I’m with James Hansen on this one – it’s the coal-fired power stations, stupid, and the buildings. If we can’t fix the cars and buildings and power generation, it doesn’t matter a fucking jot what we do about aviation. Because, after all, buildings are easy, power and cars are getting easier, aeroplanes are hard. We’re not far now; look at this hub-drive electric motor project at Michelin. Solar and wind are now the leading sources of new electrical power.
And, if there must be expansion, it ought to be at an existing airport because of the ATC issues. And if we’re going to be expanding an existing airport, well, it may as well be the one the airlines want to use. Further, it’s good to maintain the various conventions that limit activity at Heathrow – I was surprised to see that mixed-mode operation accounted for almost a third of the expected capacity increase. And yes, I did hold this view when I lived there.

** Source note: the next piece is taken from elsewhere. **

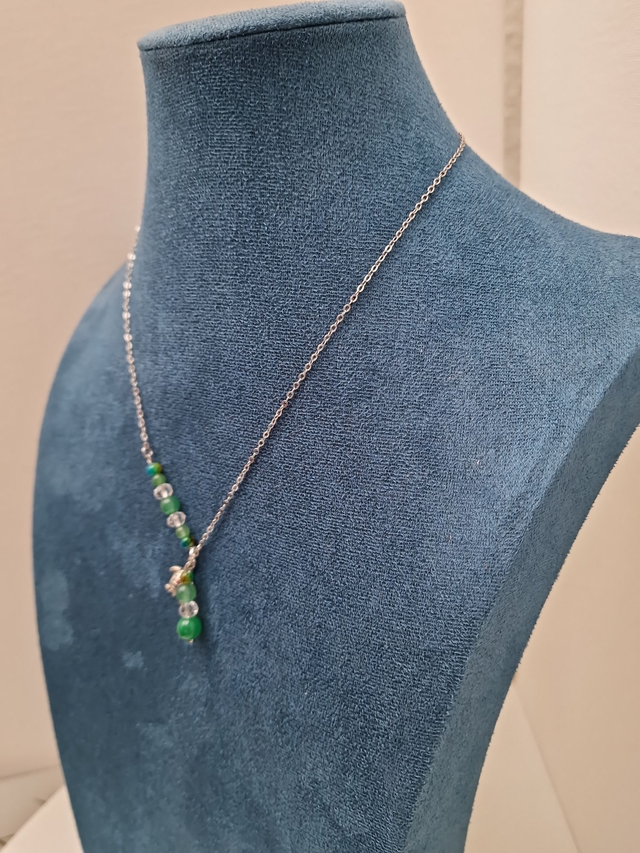 Parure Bijoux Acier Argenté Tortues Perles Jade Cristal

And if we’re doing this, we ought also to do other things, like building a north-south high-speed rail route and better public transport in general – saving oil and CO2 emissions for things that we can’t yet substitute. Like insisting on change to the European ATC system, which could save 10% or more of the air fuel requirement without pouring concrete or sacrificing anything at all. Like air-source heat pumps and insulation, or…well, enter your favourite project here.
Unfortunately, the government has no credibility on this. Neither does it have any credibility on the eventual target for movements at LHR anyway – they always burst the target, which isn’t included in an act of parliament and therefore is pretty meaningless. And their efforts to balance the Heathrow decisions are crap – a high speed rail “hub” at LHR? On a line from where to where? Great Western electrification is good, but this sounds like a piece of recreational investment that might seriously harm the prospects of building a proper LGV network.
And the responsible minister is Geoff. Fucking. Hoon. Of all people. Aren’t you in jail? Aren’t you dead yet? (I suppose that does not die which can eternal lie.) And so, I conclude, I’d better oppose it anyway. It’s the only way to be safe.
Meanwhile, across the way, the Tories want to “examine” high speed rail. Woo. More talk. And, ah, build a forty billion quid airport in the sea, whilst keeping Heathrow open as well (good luck with the 70-odd mile transfer!). As someone said:
Our government is pitiful, whoever you vote for.
They surely can’t mean this; back in 1969, the Foulness scheme was a political manoeuvre, a Straussian statement. I suspect its resurrection is something similar.
What are they trying to hide? Is this an effort to kibosh offshore wind development? Are Dave from PR, Gideon and Boris climate change deniers? Or what?